Ameriprise's wealth management unit reported robust growth — pretax profits rose 5% year-over-year, client assets jumped 10% — making it a bright spot during a quarter in which companywide profits plummeted 47%.

(Bloomberg News)
(Bloomberg News)

The company said net income attributable to Ameriprise fell to $215 million for the quarter from $397 million for the year-ago period. The firm's poor performance was due in part to its annuities business, which reported a pretax operating loss of $68 million compared to earnings of $176 million a year ago.

Ameriprise, which reported earnings on Tuesday, said the loss was attributable to unfavorable unlocking, which is the firm's annual review of insurance and annuity valuation assumptions as well as model changes. Low interest rates and policyholder behavior hurt the unit's performance, Ameriprise said.

Like other companies, Ameriprise is attempting to navigate how best to comply with the Department of Labor's fiduciary rule, which governs retirement accounts and goes into effect next April.

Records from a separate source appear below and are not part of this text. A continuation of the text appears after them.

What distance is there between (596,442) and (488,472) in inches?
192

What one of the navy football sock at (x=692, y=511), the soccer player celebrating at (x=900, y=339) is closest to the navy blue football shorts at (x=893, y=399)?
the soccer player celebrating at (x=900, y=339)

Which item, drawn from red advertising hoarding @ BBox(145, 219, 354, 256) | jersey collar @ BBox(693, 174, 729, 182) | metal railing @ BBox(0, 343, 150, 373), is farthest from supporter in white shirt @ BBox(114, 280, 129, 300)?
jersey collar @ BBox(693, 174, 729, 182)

Commonwealth Financial, the nation's fourth largest IBD, said this week that it would cease offering commission-based products in all retirement accounts, mirroring a similar move undertaken by Merrill Lynch earlier this month.

Despite potential headwinds and changes to the business environment, CEO Jim Cracchiolo cited the wealth management unit performance as a reason for the firm's future success.

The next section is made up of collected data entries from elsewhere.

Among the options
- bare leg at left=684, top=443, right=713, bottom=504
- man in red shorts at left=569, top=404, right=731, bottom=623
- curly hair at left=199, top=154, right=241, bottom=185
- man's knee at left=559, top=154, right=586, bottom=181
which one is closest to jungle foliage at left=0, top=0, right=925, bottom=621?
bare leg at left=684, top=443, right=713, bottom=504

"In a more volatile climate and period of change for the industry, we are managing expenses well and have a strong business to serve our clients and advisers while consistently delivering meaningful shareholder value," he said in a statement.

The company reported having 9,747 independent and employee advisers, down from 9,758 for the second quarter and 9,814 for the year-ago period. Though the firm said it lured over 80 experienced advisers during the quarter.

Wealth management profits rose to $231 million, a 5% increase year-over-year, boosted somewhat by a 1% drop in expenses.

The unit reported a pretax margin of 18.2%, up from 17.6%.

Client assets rose to $476 billion, up 10%. However, wrap net flows slowed to $2.8 billion, a decline of 8%.